Maka tidak berlebihan jika kita Aceh dan Indonesia pada umumnya agar mencoba untuk berguru kepada Jepang. Agar kita dapat meminimalisasi korban yang terus berjatuhan. Bukan hanya gempa bumi dan tsunami, seluruh bencana yang terjadi harus disikapi oleh kita yang hidup berdampingan dengan alam melaui pendekatan-pendekatan yang strategis mulai dari mengamati, meniru, modifikasi dan melahirkan inovasi maju agar kita mampu berdamai dengan bencana. Kita dapat memulai dengan menerapkan pendidikan pengenalan siaga bencana sejak dini, pelatihan evakuasi, sosialisasi rutin mengenai penanganan dasar, pembangunan infrastruktur yang ramah bencana, revitalisasi tata ruang dan pengembangan wilayah, pola hidup ramah lingkungan dan usaha-usaha mitigasi bencana lainnya.

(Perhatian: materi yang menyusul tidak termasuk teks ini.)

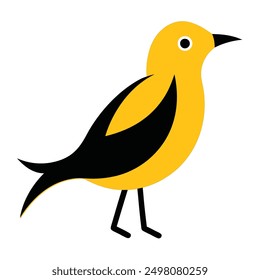 A black and yellow bird in white background. art and illustrator,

Bencana tsunami telah 11 tahun berlalu, Aceh terus berbenah diri dan bertekad untuk mengembalikan kehidupan di Aceh lebih baik dari sebelumnya dengan terus membangun guna mewujudkan Aceh makmur, sejahtera dan bermartabat dalam bingkai Negera Kesatuan Republik Indonesia (NKRI). Kini lebih dari 140.000 rumah, 1.700 sekolah dan hampir 1.000 kantor pemerintahan telah dibangun. Begitu juga 36 bandara dan pelabuhan dan hampir 3.700 kilometer ruas jalan berhasil dibangun. Berbagai sektor usaha telah kembali bangkit dan aktifitas ekonomi terus maju. Ini semua tidak serta-merta terwujud tanpa bantuan banyak pihak, mulai dari negara sahabat sampai kepada organisasi dunia internasional pun turut membantu.

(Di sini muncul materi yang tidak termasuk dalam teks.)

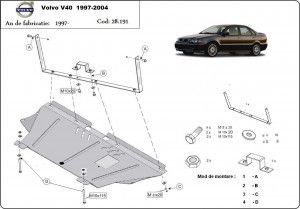 Scuturi Metalice Auto Volvo, Scut motor metalic Volvo V40 1995-2004 - autogedal.ro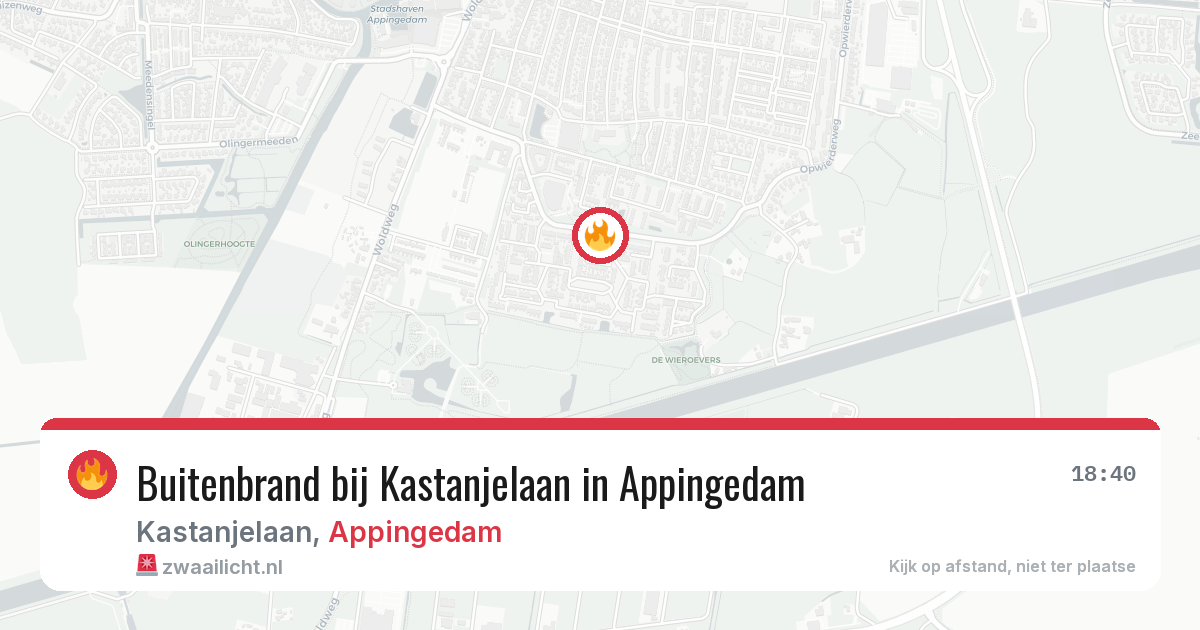 Buitenbrand bij Kastanjelaan in Appingedam — 20 jun 2026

Satu dekade lebih sudah ternyata. Tepat hari ini genap 11 tahun gempa dan tsunami Aceh diperingati. Pemerintan dan masyarakat Aceh bertekad dengan semangat.
Dengan doa dan usaha kita semua masyarakat Aceh terus berupaya menjadikan Aceh sebagai sebuah negeri yang madani. Dengan sekelumit cerita Aceh sejak dulu , mulai dari perlawanan penjajahan, perang Di/TII, Konflik Gam berkepanjangan, penerapan Syariat Islam hingga musibah Tsunami semuanya menjadi tantangan untuk Aceh dalam menghadapi masa depan yang lebih baik.

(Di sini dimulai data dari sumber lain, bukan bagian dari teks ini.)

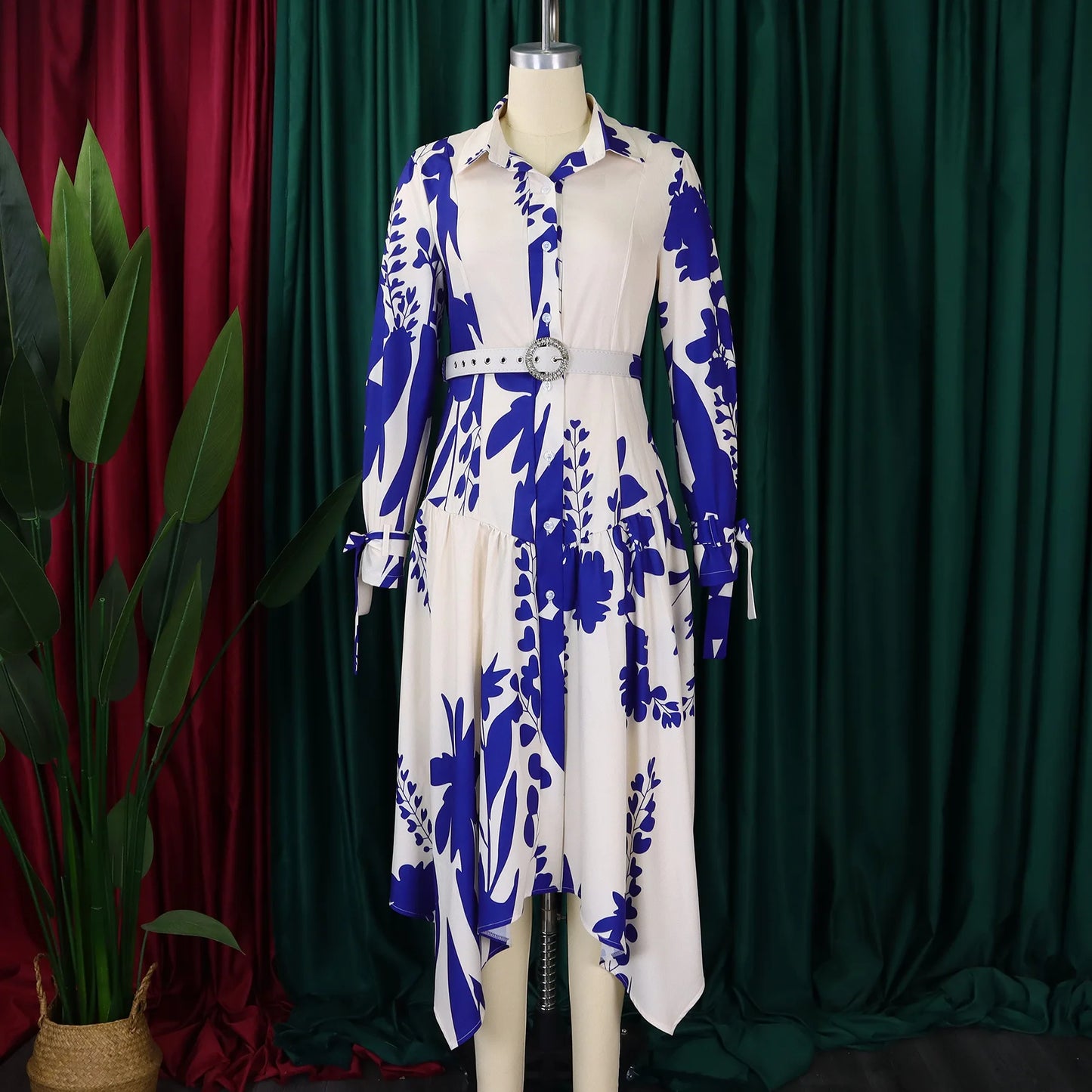 Brand new collection 2024-2025 Europe Plus-size Women's Fashion Fashion New Temperament Printed Irregular Lapel Dress Y2k Dress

Aceh dituntut untuk terus bergerak maju agar menjadi bandar berkelas dunia dan tentunya supaya mampu membawa menuju kemajuan Indonesia, dengan mengembangkan potensi wilayah, menggerakkan nilai kearifan lokal, meningkatkan sumber daya manusia, menjaga dan melestarikan sumber daya alam, pembangunan segala sektor, pemberdayaan masyarakat, hingga kepada menciptakan kedamaian kesemuanya diharapkan sebagai simbol peradaban Aceh yang madani.
Tantangan Aceh saat ini memang banyak, mulai dari Suistainable Development Goals (SDgS), masyarakat ekonomi Asean (AFTA) sampai kepada bonus demografi. Tantangan-tantangan ini harus mampu dijawab oleh seluruh komponen masyarakat Aceh. Menyadari akan hal ini, marilah kita bersama saling berkerja keras dan bergotong royong dengan integritas untuk Aceh lon sayang.